Vanuit mijn dagelijkse werkzaamheden als transitiemanager om via projectmatige aanpak een beheer dienstverlening voor de klant in te richten of over te nemen, wil ik graag reageren op het artikel 'Houd de klant weg uit dat mijnenveld' van expert Bart van Heumen. Eerst was er de SLA, waarbij iedereen enthousiast was aangezien de afgenomen dienstverlening te meten is en een duidelijke verrekening kon plaatsvinden. Al snel kwam iedereen er achter dat dit toch niet alle zaken afdicht, denk bijvoorbeeld aan SLA gehaald maar klant niet tevreden.

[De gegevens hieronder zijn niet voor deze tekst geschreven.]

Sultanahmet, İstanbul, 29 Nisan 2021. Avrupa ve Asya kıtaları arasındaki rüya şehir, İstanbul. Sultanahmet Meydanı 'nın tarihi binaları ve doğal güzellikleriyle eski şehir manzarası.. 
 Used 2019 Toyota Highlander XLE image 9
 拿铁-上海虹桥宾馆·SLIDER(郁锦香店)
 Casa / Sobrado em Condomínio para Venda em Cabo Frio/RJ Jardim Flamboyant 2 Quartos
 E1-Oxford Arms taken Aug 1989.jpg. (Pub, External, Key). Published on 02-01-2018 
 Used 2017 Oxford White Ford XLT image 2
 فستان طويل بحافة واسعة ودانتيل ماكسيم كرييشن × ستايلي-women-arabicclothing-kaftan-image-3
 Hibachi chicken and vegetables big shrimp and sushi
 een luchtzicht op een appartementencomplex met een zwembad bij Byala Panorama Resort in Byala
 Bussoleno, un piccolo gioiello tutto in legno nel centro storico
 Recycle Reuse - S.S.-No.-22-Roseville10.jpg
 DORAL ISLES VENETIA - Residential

De situatie ontstond om dan daar maar een bonus/malus-syteem aan vast te knopen. Sterk juridische discussies ontstonden over de samenstelling van de bonus/malus, de werkvloer was ook het spoor kwijt met als gevolg dat dit ook niet de ideale situatie was.
De tegenwoordige dienstverleningtrend is om specialistische dienstverlening daar in te huren waar een bedrijf goed in is (op zich zou dit de dienstverlening voor de klant ten goede komen). De dienstverlening werd echter complexer aangezien er afhankelijkheden tussen de verschillende leveranciers aanwezig was. Maar ook daar was de oplossing gevonden; we gaan juridische OLA's met elkaar afspreken. Probeer zoveel mogelijk je eigen scope af te bakenen en vooral te benoemen dat een ander daar verantwoordelijk voor is. De werkvloer was nu echt het spoor kwijt, maar ook daar hadden ze wat op gevonden; laten we gaan ping pongen en dan eens kijken wie er juridisch gelijk heeft om de schadeclaims te betalen. We weten dat dit ten koste gaat van de afgesproken dienstverlening met de klant.
Voor ieder probleem wordt natuurlijk weer een oplossing bedacht, de klant dacht namelijk we een derde bedrijf gaan inhuren en maken die verantwoordelijk voor de dienstverlening en hij regelt het met de onderleveranciers. Ja hoor, nog meer contracten en in plaats dat de klant met de leverancier praat, wordt er gesproken met de derde partij, de derde partij met leverancier en vice versa. Dat de klant de broodheer van de derde partij is mag duidelijk zijn en in welke hoedanigheden de discussie ontstaat is ook duidelijk. 'Sorry, het was allemaal met SLA's en OLA's afgedicht' en iedereen wist wel een oplossing om zijn straatje schoon te vegen.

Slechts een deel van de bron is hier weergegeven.